Sure, I can give exhaustive detail. It's rather deployment-specific,
though.
First, there are 4 different groups that need different sets of
permissions: admin1, admin2, staff, and development. Plus the 'anonymous'
user, of course. So 5 different combinations of permissions.
Permissions are created on install per resource type, in the following
groups: create, edit, view, fullreport. The first three are
straightforward, and if a user doesn't have fullreport permissions, they
only see a filtered version of a given resource report. Also, there is a
single permission for access to the RDM.
Each of the 5 groups has a unique set of these permissions. At least, I
have set it up for that to be the case. In reality, there is a much smaller
variation of permissions between groups and shortcuts could definitely have
been taken to make it less granular. But, now a member of a certain group
could be given one more specific permission from the django admin and their
group membership (and all of the group definitions themselves) remains
unchanged.
Creating these permissions is straight forward, but implementing was tricky
because they need to be available in a few different environments:
- context processor variables to be used in the templates (show/hide
things like the rdm button, etc.)
- in the views (many of which I had to migrate to my app) the request
object is referenced and a dictionary is made from all of a user's
permissions (*not* their group membership)

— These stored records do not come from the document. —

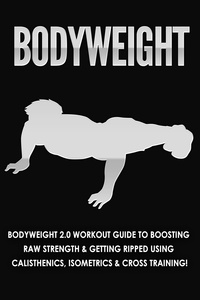  Jessica Jacobs - Bodyweight: Bodyweight 2.0 Workout Guide to Boosting Raw Strength and Getting Ripped Using Calisthenics, Isometrics and Cross Training.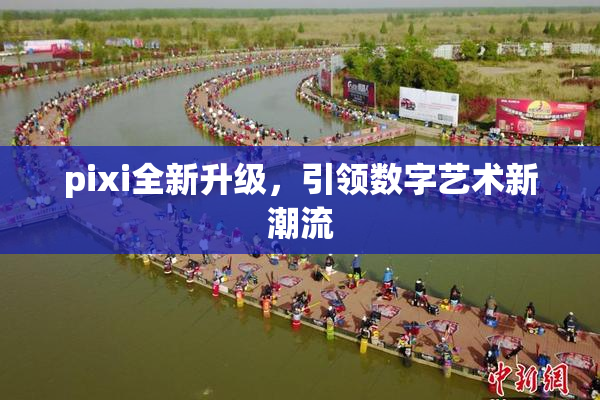 pixi全新升级，引领数字艺术新潮流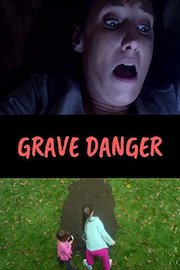 Grave Danger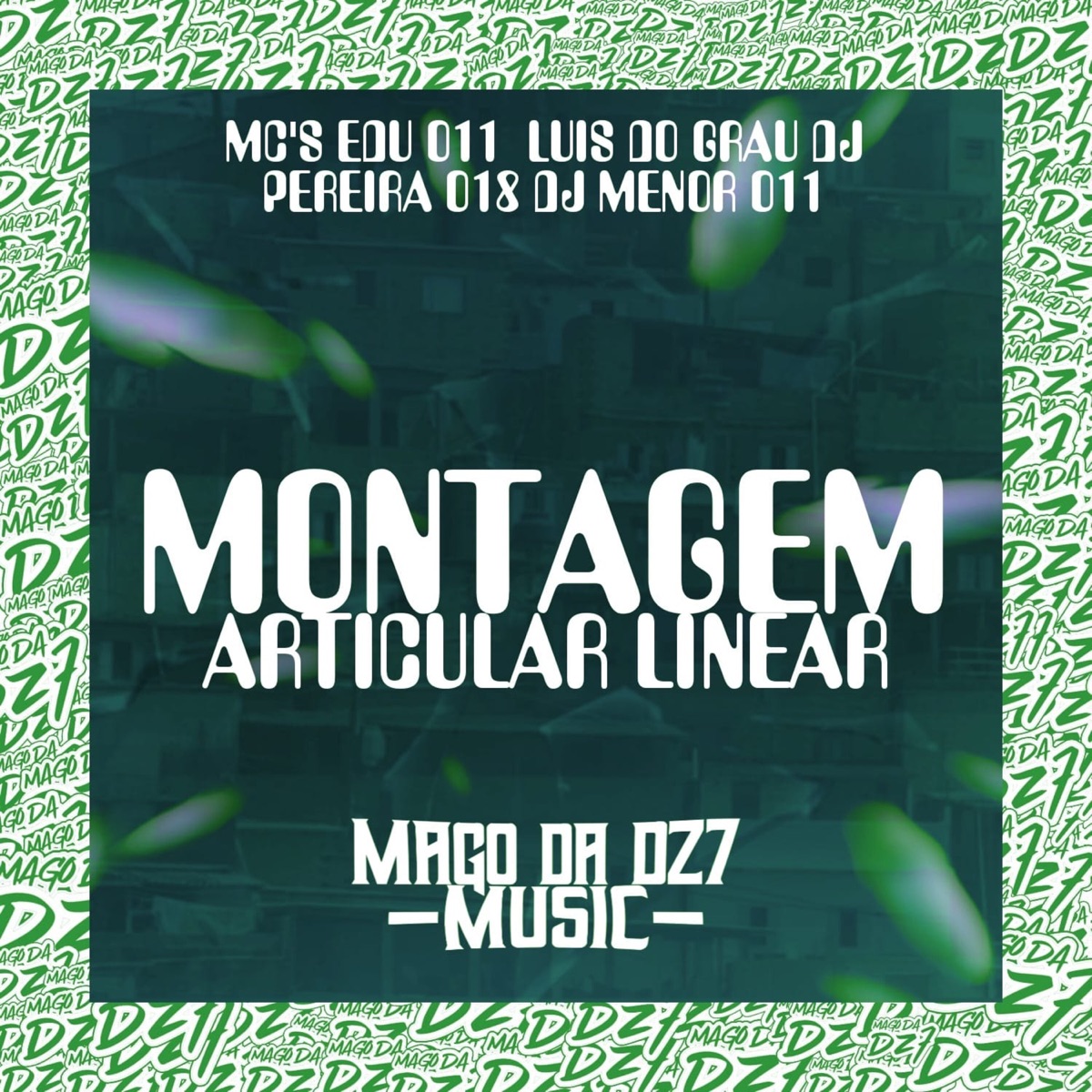 Montagem Articular Linear (feat. DJ MENOR 011) - Single by MC EDU 011, MC LUIS DO GRAU & DJ Pereira 018 album cover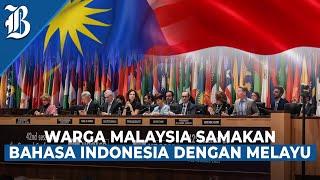 Malaysia Cemburu Bahasa Indonesia Jadi Bahasa Resmi Dunia?
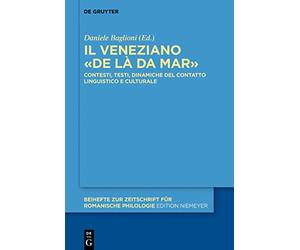 Il Veneziano De Là Da Mar: Contesti, Testi, Dinamiche Del Contatto Linguistico E Culturale: 441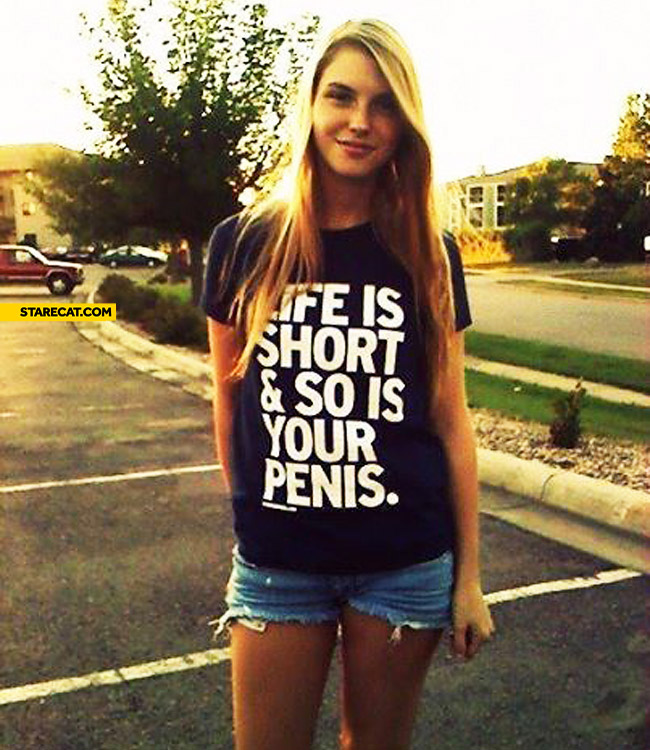 Life is short so is your penis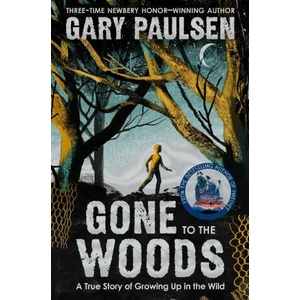 Gone to the Woods: A True Story of Growing Up in the Wild | GARY PAULSEN (ISBN: 9781529047721)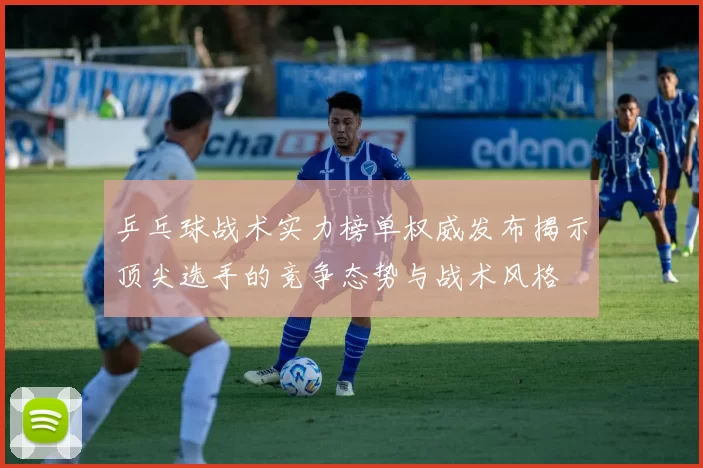 乒乓球战术实力榜单权威发布揭示顶尖选手的竞争态势与战术风格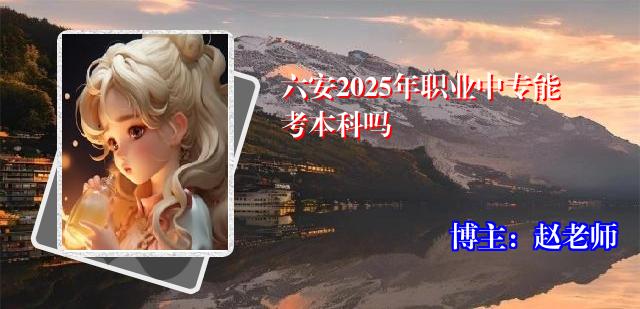 六安2025年职业中专能考本科吗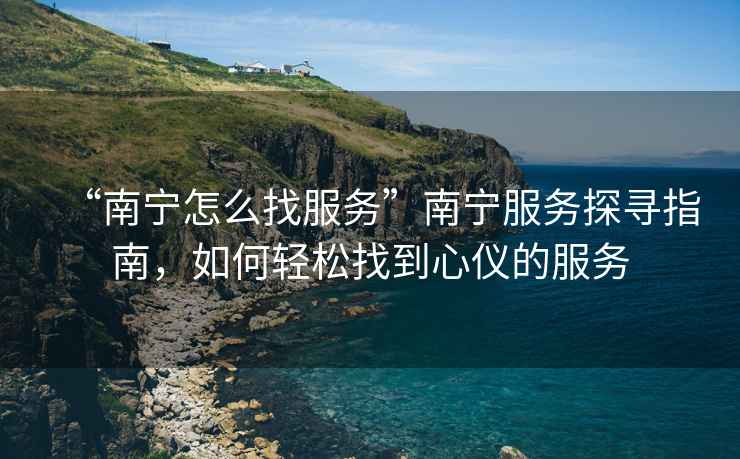 “南寧怎么找服務(wù)”南寧服務(wù)探尋指南，如何輕松找到心儀的服務(wù)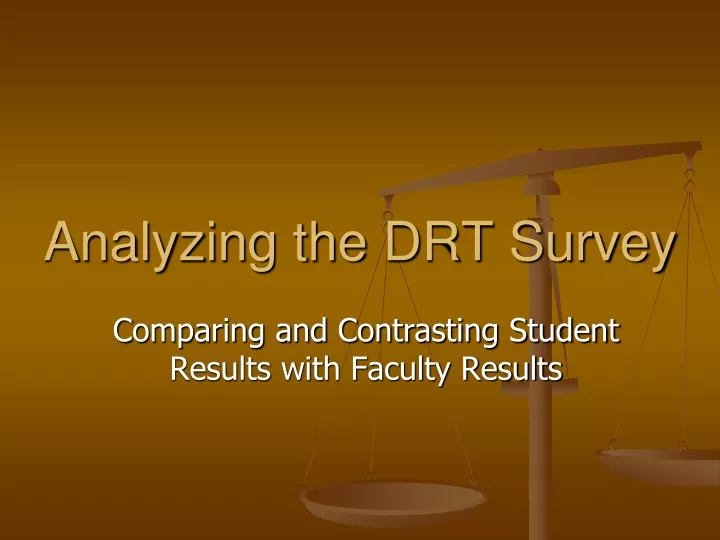 analyzing the drt survey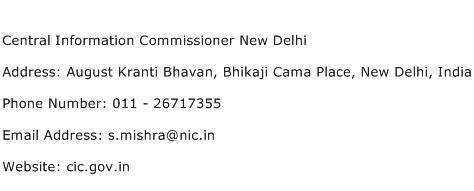 Central Information Commissioner New Delhi Address Contact Number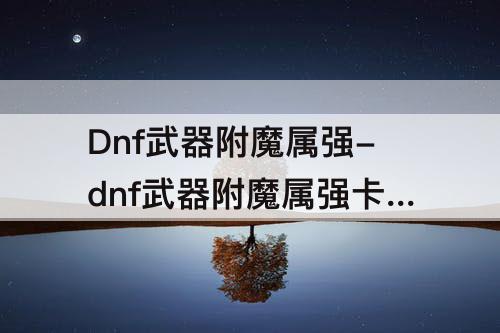 Dnf武器附魔属强-dnf武器附魔属强卡片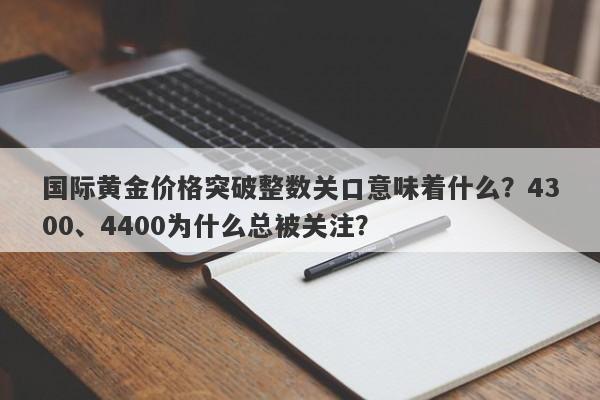 国际黄金价格突破整数关口意味着什么？4300、4400为什么总被关注？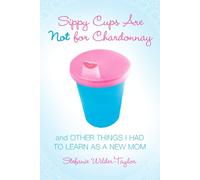 Stefanie Wilder-Taylor Sippy Cups Are Not for Chardonnay (Tascabile)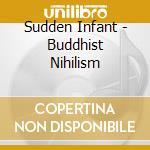 Sudden Infant - Buddhist Nihilism cd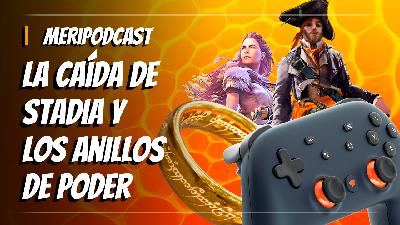 MeriPodcast 16x02: La caída de Google Stadia, Sony vs. la compra de Activision y Los Anillos de Poder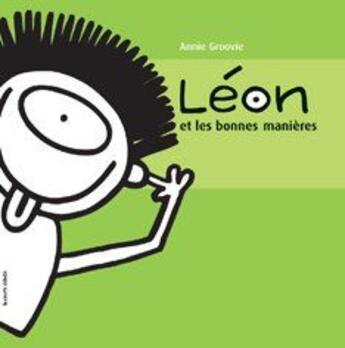 Couverture du livre « Léon et les bonnes manières t.1 » de Annie Groovie aux éditions La Courte Echelle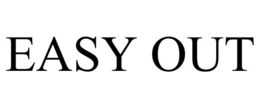 EASY OUT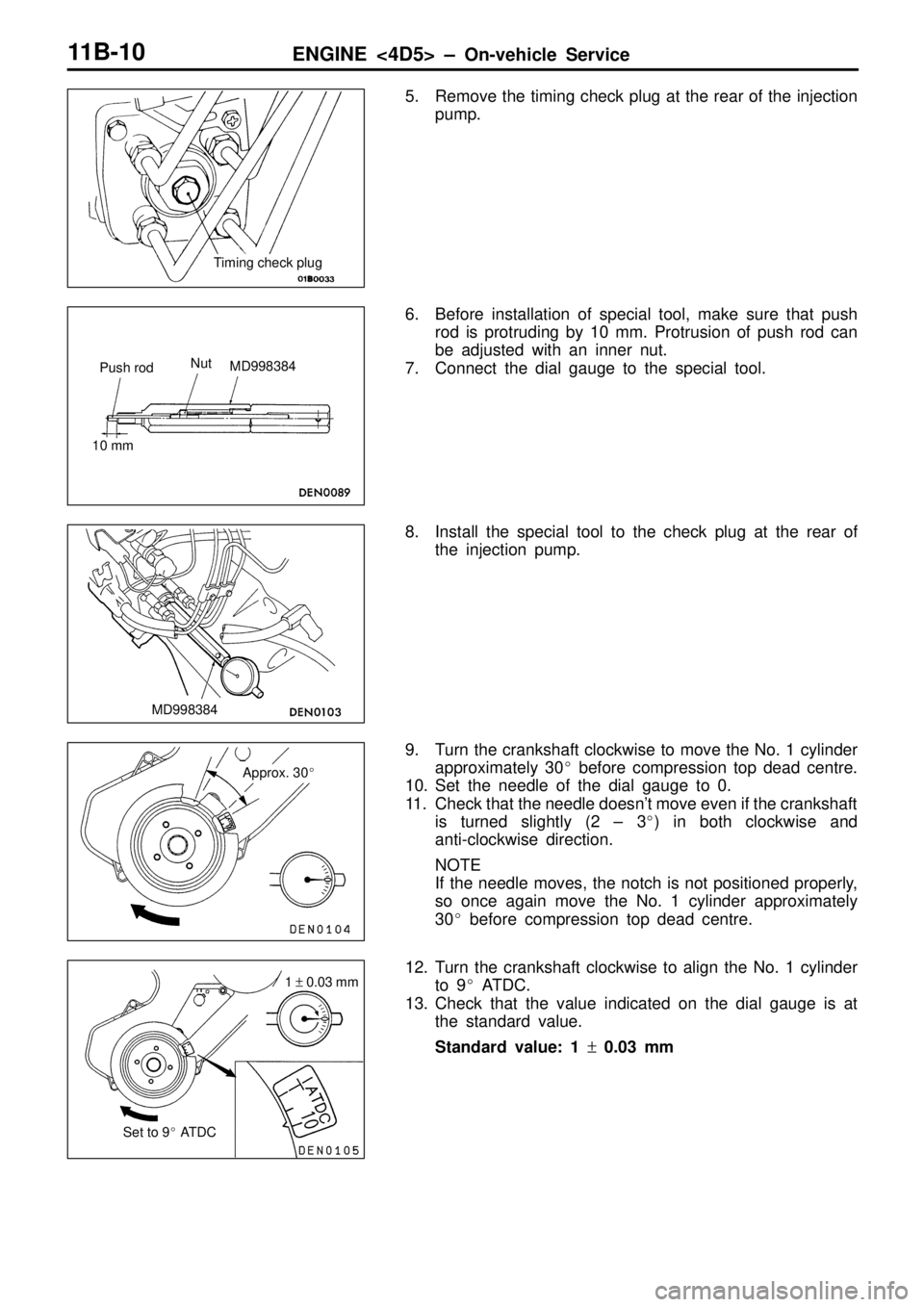 MITSUBISHI TRITON 1997 Manual Online P
ush  r o d N
ut M
D998384
1 0 m m M
D998384 A
ppro x.  3 0      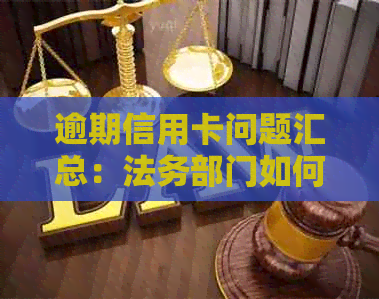 逾期信用卡问题汇总：法务部门如何处理并移交司法机关？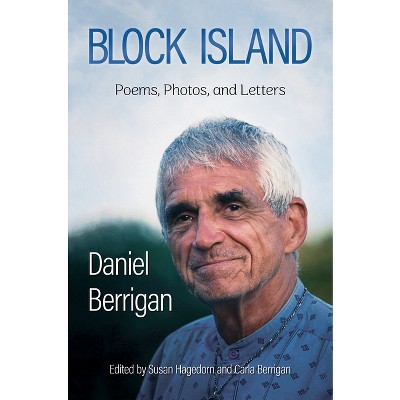 Block Island - by  Daniel Berrigan (Hardcover)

- I used permissions decorators for certain functions, like rdm()
- In some functions I used the permissions that I gained from the
request.user
- This is where I did all of the search result and map layer
filtering, by passing allowed resource types to the
elasticsearch query in
the doc_type argument.
- defined a variable in base.htm (based on the context processor) to be
used in all of the js files (for creating map layers, show/hide edit button
in the search results based on resource type, etc.)
I have yet to implement the specific filtering of information resources
based on a single attribute value. Now that I know how to filter ES hits,
I don't think this will be too awful hard, but I haven't tried it yet.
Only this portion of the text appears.